John Cage, maestro de la música contemporánea sobre el que este fin de semana se inaugura una retrospectiva en Barcelona, afirmaba que "lo que oímos es fundamentalmente ruido. Cuando lo ignoramos nos perturba. Cuando lo escuchamos nos resulta fascinante". Sin embargo, como tiende a demostrar su obra posterior, eso debe ocurrir porque el bullicio nos hace añorar el silencio, natural y serena desembocadura de todo sonido, principio de la música.

No sucede lo mismo, por desgracia, con la conclusión lógica que cabría esperar del ruido en la vida pública, de la escandalera retratada en los medios de comunicación. Por más que uno intenta percibir un orden, una armonía que se imponga tras su lógica conclusión, eso no sucede, y cuando lo hace es de manera obligada, antinaturalmente. Tristes días para la serenidad en estos tiempos revueltos ahogados en el jaleo del "todo vale".

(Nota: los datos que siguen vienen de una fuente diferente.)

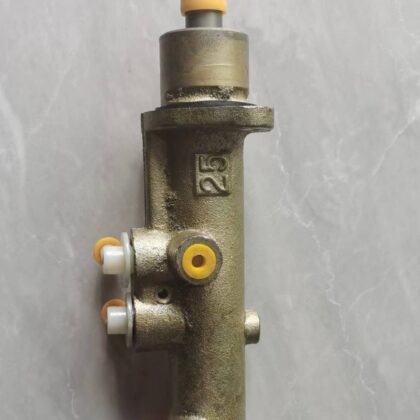 Brake master cylinder 2991743 42530542 for daily 4x2 – product image 1 | SUONAMA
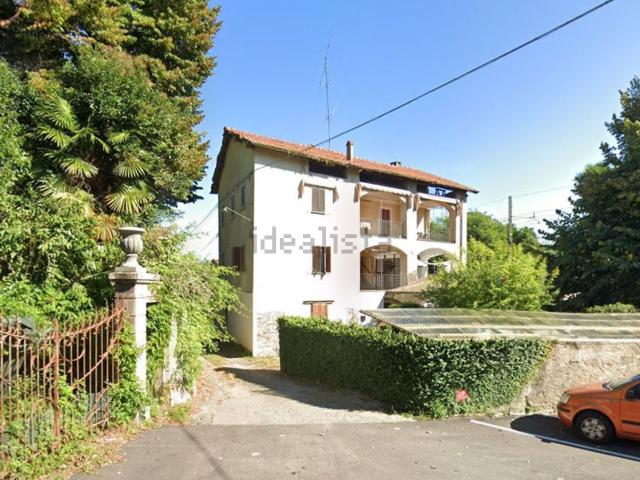 Appartamento in vendita a Villa Lesa, Piemonte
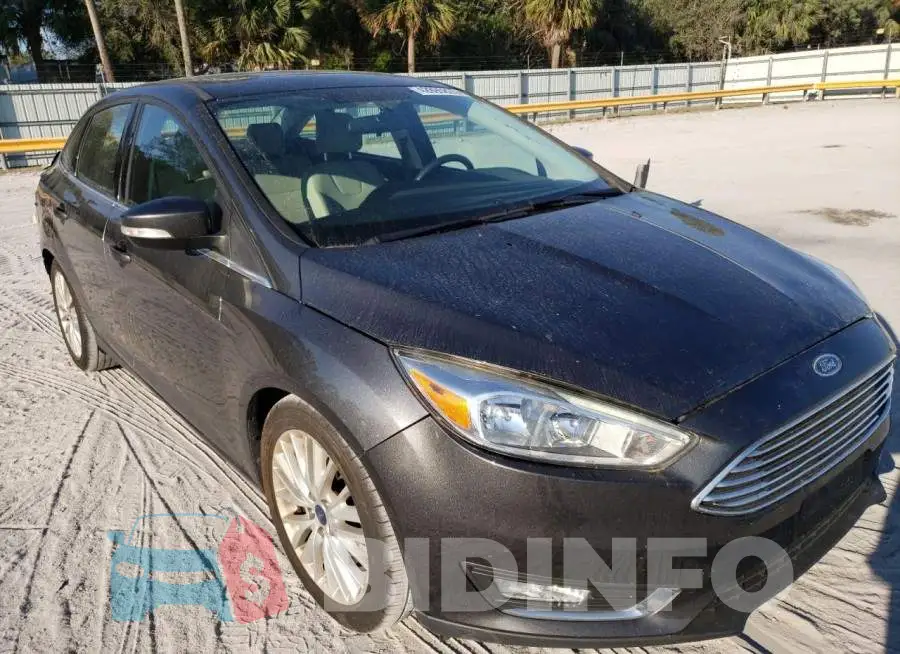 1FADP3J2XJL314291 Photo# 4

¿De dónde viene toda esta sensación de impunidad, de irresponsabilidad ante el alboroto, de falta de exigencias a nuestros actos? En las aulas, durante un tiempo que aún hoy colea, los alumnos se han sentido exentos de las obligaciones de su condición, pues aprobar el curso ya no equivalía a superarlo y su esfuerzo no era recompensado más que su holganza a la postre. El estruendo de este error aturde a una generación. En ciertos programas de televisión, podemos presenciar a diario una algarabía bochornosa de insultos y descalificaciones personales de patio de colegio, algunos de los cuales, según dicen sus protagonistas, acaban dirimiéndose en querellas que a buen seguro contribuyen al síncope de nuestro sistema judicial, pero que no dejan de ocultar un desprecio chillón y destemplado por la dignidad y el buen nombre de las personas, por lo que puede y no puede decirse en público y las formas en que debe decirse.

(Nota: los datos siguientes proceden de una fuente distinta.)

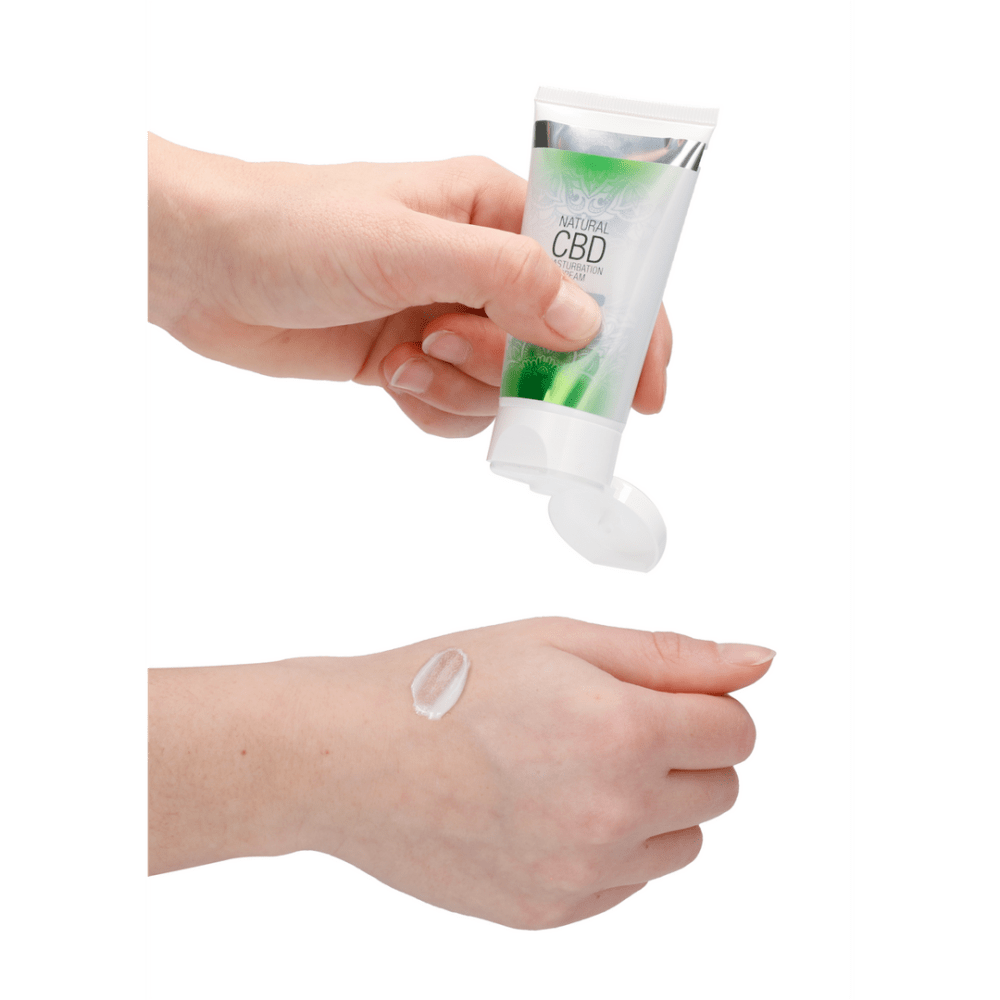 Pharmquests CBD Masturbeer Crème voor Hem 50 ml, tube in hand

Y qué decir de la política, supuesto espejo de la sociedad, que no se haya dicho ya. Imputados y sospechosos, inocentes todos en principio, pero bajo la sombra de recelos razonables y turbiedades varias, pasean su palmito vociferante con el apoyo de impúdicas sonrisas, impropias de alguien cuyo nombre está en entredicho (aunque resulte inmaculado a la postre, insisto). Olvidando aquello sobre la mujer del César, politiquillos y cortesanos se aferran al cargo (y con ello nos hacen temer que a la prebenda) con la ansiedad y el estrépito de quien no tuviera otro oficio ni beneficio. Y tampoco parecen darse por aludidos los directores de esas orquestas, los líderes de esos cargos de confianza, que, por el mero hecho de estar nombrados discrecionalmente y bien pagados por ello, tienen una mayor carga de responsabilidad y sus errores y fallos afectan y afean por igual a aquel que los nombró.

Y cada día un nuevo estrépito que añadir a la barahúnda general: un ayuntamiento imputado en pleno, otro desalojado por desertores del partido cuyas siglas les permitieron estar donde están, un cargo público que ampara un medio de comunicación que difunde ideas pronazis, el entrenador del equipo de fútbol de todo un país que lanza exabruptos tabernarios, el gerente de un gran teatro que se embolsa recaudaciones y subvenciones millonarias y las reparte a los cuatro vientos... ¿para qué seguir? Tramas sucias, clientelismo, arbitrariedad, grosería, chanchullos, desfachatez... Un ubicuo y ensordecedor ruido de fondo.

Todos esos "feos asuntos", como un portavoz del Vaticano acaba de calificar a la participación de la trama Gürtell en la visita del Papa a Valencia; todos estos escándalos estrepitosos, me traen sin embargo a la cabeza un nombre propio que quisiera citar. Se trata de alguien que hizo lo que debía, ni más ni menos. No habría por qué recordar su comportamiento si no fuera porque después ha pasado lo que ha pasado. Demetrio Madrid, ¿les suena? Dejó un distinguido silencio tras él.